Finding $a\in\mathbb{R}$ for which the curve $\gamma(x)=\left(x+a\sin(x), a\cos(x) \right)$ is self-intersecting

Question

How to find the $a\in\mathbb{R}$ for which the curve $$\gamma(x)=\left(x+a\sin(x), a\cos(x) \right)$$ is self-intersecting?

Is it possible to calculate analytically?

Answer 1

Let $a\neq 0$, $a \cos x_1=a \cos x_2 \Rightarrow$ $x_2=x_1+2k\pi \lor x_2=-x_1+2k\pi$

$x_2=x_1+2k\pi, x_2+a\sin x_2=x_1+a\sin x_1 \Rightarrow x_2=x_1$, not self-intersecting when $x_2-x_1=2k\pi$.

$x_2=-x_1+2k\pi, x_2+a\sin x_2=x_1+a\sin x_1 \Rightarrow 2a \sin x_1=2k\pi-2x_1$

$x_1=n\pi \Rightarrow \sin x_1=0 \Rightarrow 2k\pi-2x_1=0 \Rightarrow x_1=k\pi\Rightarrow x_2=-x_1+2k\pi=k\pi=x_1$, not self-intersecting when $x_1=n\pi$.

$x_1\neq n\pi \Rightarrow \sin x_1\neq 0 \Rightarrow a=\frac{k\pi-x_1}{\sin x_1}$. Maximum negative $a$ is $-1$, obtained when $k=2n$, $x_1\to k\pi$, minimum positive value $a$ is $1$, obtained when $k=2n+1$, $x_1\to k\pi$.

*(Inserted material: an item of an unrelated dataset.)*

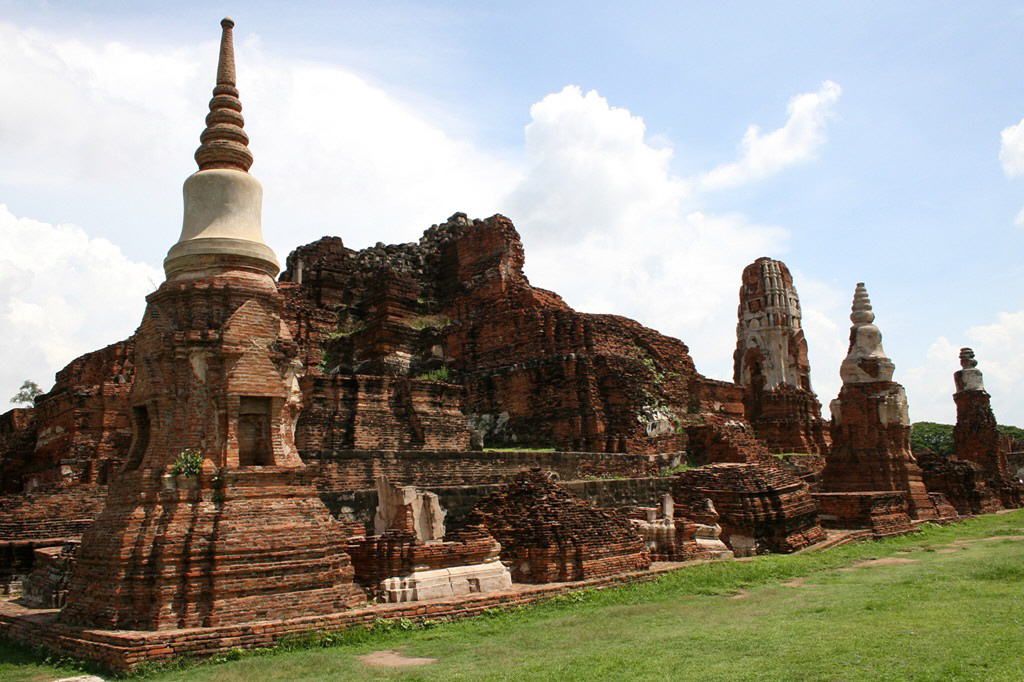 https://mdw-travel-data-us-east-1.s3.amazonaws.com/img/country/Thailand/Wat-Mahathat/img_02.jpg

Limiting values $a=\pm 1$ don't give self-intersection because they are only attainable as the limit at $x_1\to k\pi$ and $x_1=k\pi$ is not self-intersection point.

Therefore, the curve is self-intesecting when $|a|>1$.